5.2 There were a high proportion of respondents who said that they did not know what impact PbR was having upon their services. It is of great concern if such a high number of respondents did not understand PbR or its stated objectives, particularly given its important links to financially incentivising certain care pathways. Without clinical engagement in the collection of activity data; in the analysis of care costs; or in the development of a strategic response to Trust activity data, PbR becomes a focus for cost cutting rather than improving the patient experience and the quality of care.
5.3 Moreover, failure to engage clinicians can lead to poor data quality and inaccurate reporting of activity on the basis that it may be seen to be a finance driven agenda rather than an opportunity to innovate in care delivery. Respondents cited several reasons for this lack of familiarity with PbR in their follow up comments, including;
- Their NHSFT was only recently authorised and had not been part of the PbR pilot scheme.
- There had been little or no communication from managers regarding PbR and national tariffs and their relevance to patient services.

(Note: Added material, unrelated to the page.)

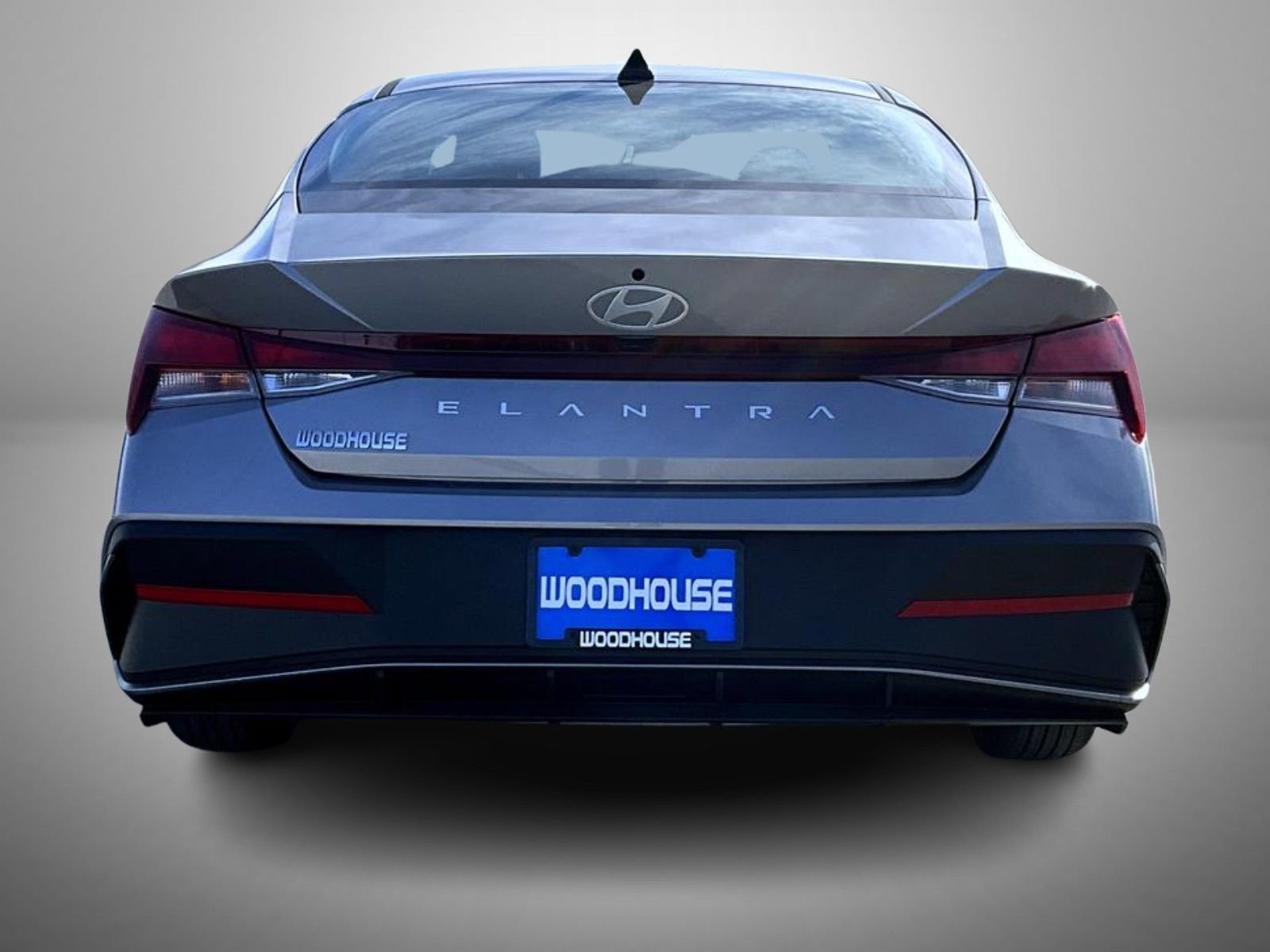New 2026 Hyundai Elantra SE image 6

- Financial information, including PbR issues was not readily shared with clinical teams, FT members or staff side organisations because of the sensitive nature of such information and the business interests of the NHSFT.
Respondents generally felt that none of these reasons offered an acceptable explanation of the lack of understanding that exists about PbR and the implications for the NHS.

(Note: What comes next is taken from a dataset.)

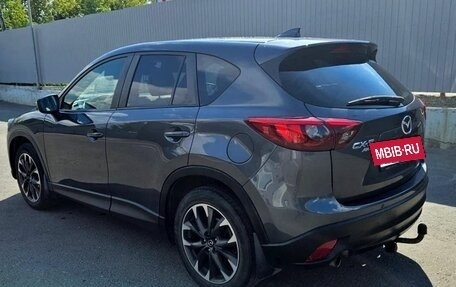 Mazda CX-5 II, 2015 год, 1 750 000 рублей, 5 фотография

6.0 Developing New Services
Our survey showed that RCN members have serious concerns that too many NHSFTs do not effectively communicate their service plans to nurses, patients and FT members. Our members do, however, accept the need for FTs to generate financial surplus and to meet cost improvement targets.
6.1 NHSFTs have exceeded expectations in terms of achieving cost reduction targets. National tariffs established under Payment by Results assumed a cost improvement saving of 2.5% per year, yet in 2006 the NHS Foundation Trusts had achieved a cost improvement saving of 3.0% of operating costs. Achieving these efficiency targets is clearly crucial to NHSFTs and any NHS Trusts that aspire to Foundation status. Our survey showed that RCN members felt that planning to achieve these targets was an activity which took place at Board level, whereas the process of achieving cost efficiency savings depended almost entirely on the activity of nurses, managers and practitioners at clinical team level.

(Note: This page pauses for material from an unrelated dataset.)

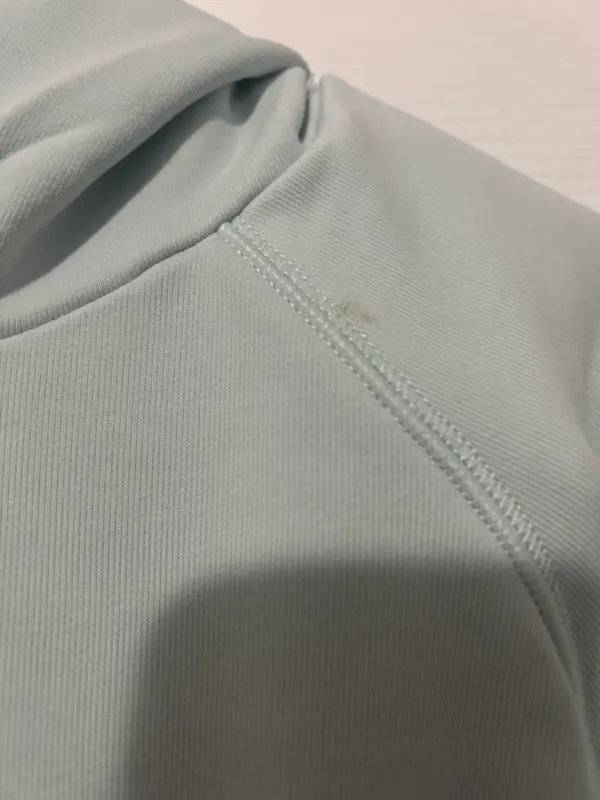 Fabletics Crop Sweatshirt - Image 4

6.2 The overall impression amongst RCN members was that this fact was insufficiently appreciated at Board of Director level. As a result, although RCN members reported improvements in the sharing of operational planning and service development plans, they did not believe that most NHSFTs engaged sufficiently with stakeholders on issues relating to cost improvement plans (CIPs). Issues that were raised by respondents included;
- Service development plans are generally more transparent, accessible and more readily available than financial performance information within most NHSFTs.
- RCN members are concerned about lack of practitioner engagement in the development and planning process of CIPs and the organisational levels at which crucial decisions are being made in NHSFTs. This creates a potential for “top-down” management in achieving cost savings and efficiency targets with little or no ownership at clinical team level.
- Where CIPs generate increasing levels of financial surplus, RCN members believe that these monies should be invested in developing services and that NHSFTs have a responsibility to communicate their investment plans more clearly to their members.